Overview

Advanced stage breast cancer (stages III and IV) rates in the Pacific are much higher than in the USA mainland, especially where mammography services do not exist or have low accessibility. Hawaii and Guam both have high insurance coverage and mammography access similar to the United States mainland, but have much higher advanced stage rates, 60% and 15% for Guam and Hawaii, respectively, compared to 10% for women in Northern California. Further, the advanced staging in Hawaii dramatically varies by race/ethnicity with a high of 17% (Hawaiian) and a low of 10% (Japanese). The reason for these disparities across ethnicities in Hawaii and the larger Pacific is not well understood but clearly multifactorial.

Objective/Aims

Our overall hypothesis is that introducing portable handheld ultrasound (US) systems coupled with an artificial intelligence (AI) detection algorithm and operated by a trained healthcare worker will reduce advanced stage cancer rates in areas where mammography is not available.
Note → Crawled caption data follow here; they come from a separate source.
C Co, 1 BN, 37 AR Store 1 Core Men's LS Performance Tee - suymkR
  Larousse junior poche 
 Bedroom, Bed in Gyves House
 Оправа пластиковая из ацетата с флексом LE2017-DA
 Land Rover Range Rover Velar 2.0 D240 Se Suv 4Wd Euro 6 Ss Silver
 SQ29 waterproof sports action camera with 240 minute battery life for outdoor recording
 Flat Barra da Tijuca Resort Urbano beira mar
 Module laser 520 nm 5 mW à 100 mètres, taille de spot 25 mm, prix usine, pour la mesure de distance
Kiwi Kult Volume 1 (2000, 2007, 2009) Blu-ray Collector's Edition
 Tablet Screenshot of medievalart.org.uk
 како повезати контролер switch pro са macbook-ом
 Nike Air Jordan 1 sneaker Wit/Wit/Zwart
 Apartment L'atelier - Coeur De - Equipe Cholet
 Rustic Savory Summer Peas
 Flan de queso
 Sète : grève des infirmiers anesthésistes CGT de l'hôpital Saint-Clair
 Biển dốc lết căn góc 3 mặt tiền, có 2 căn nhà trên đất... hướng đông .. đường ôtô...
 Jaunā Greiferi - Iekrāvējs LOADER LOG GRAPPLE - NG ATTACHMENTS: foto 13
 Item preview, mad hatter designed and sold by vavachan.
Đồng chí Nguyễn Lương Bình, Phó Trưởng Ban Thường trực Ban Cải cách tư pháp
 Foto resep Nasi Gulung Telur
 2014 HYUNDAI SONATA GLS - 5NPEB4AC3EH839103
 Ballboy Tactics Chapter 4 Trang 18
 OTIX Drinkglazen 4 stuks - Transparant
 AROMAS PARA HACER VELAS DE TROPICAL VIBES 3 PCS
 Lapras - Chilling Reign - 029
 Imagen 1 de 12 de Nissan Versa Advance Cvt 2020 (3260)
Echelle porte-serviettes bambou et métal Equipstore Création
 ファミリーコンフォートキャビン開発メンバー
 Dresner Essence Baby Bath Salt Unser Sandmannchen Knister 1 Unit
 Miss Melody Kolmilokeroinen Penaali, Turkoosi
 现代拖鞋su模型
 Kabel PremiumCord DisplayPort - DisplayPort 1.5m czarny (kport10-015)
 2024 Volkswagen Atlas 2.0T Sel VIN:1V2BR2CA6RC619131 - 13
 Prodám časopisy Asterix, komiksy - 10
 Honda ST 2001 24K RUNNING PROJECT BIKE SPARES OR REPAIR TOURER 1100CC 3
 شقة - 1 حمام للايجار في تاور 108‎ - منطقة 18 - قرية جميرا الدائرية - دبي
For this to be true, the US screening approach would have to have similar sensitivity and specificity for breast cancer detection as screening mammography read by a radiologist. This approach would be very low cost and could also be extended to be used for point of care breast biopsies.

Our overall objective is to reduce the mortality of breast cancer in the Pacific by reducing the advanced breast cancer stage rate, resulting in a reduced burden of cancer. We believe the primary cause of very high advanced stage breast cancer is the lack of mammographic screening. If successful, the implementation of our paradigm could reduce overall breast cancer mortality rates by identifying breast cancers earlier, when they are more responsive to treatment.

Our specific aim is to identify cofactors (breast density, ethnicity, BMI, etc.) that impact the sensitivity and specificity for malignant breast cancer lesion detection on clinical ultrasound images with AI support for the following readers: 1) Radiologists, 2) Non-radiologist Doctor, and 3) Graduate Research Assistants (surrogate healthcare worker).

Research Team

Jami Fukui

Principal Investigator

UH Cancer Center

Dustin Valdez

Graduate Student Assistant

UH Mānoa/UHCC

John Shepherd, PhD

Co-Principal Investigator/Mentor

UH Cancer Center

Thomas Wolfgruber

IT Support

UH Cancer Center

Funding Source(s)

UH Cancer Center Seed Grant
This grant is funded by the UH Cancer Center’s P30 support grant.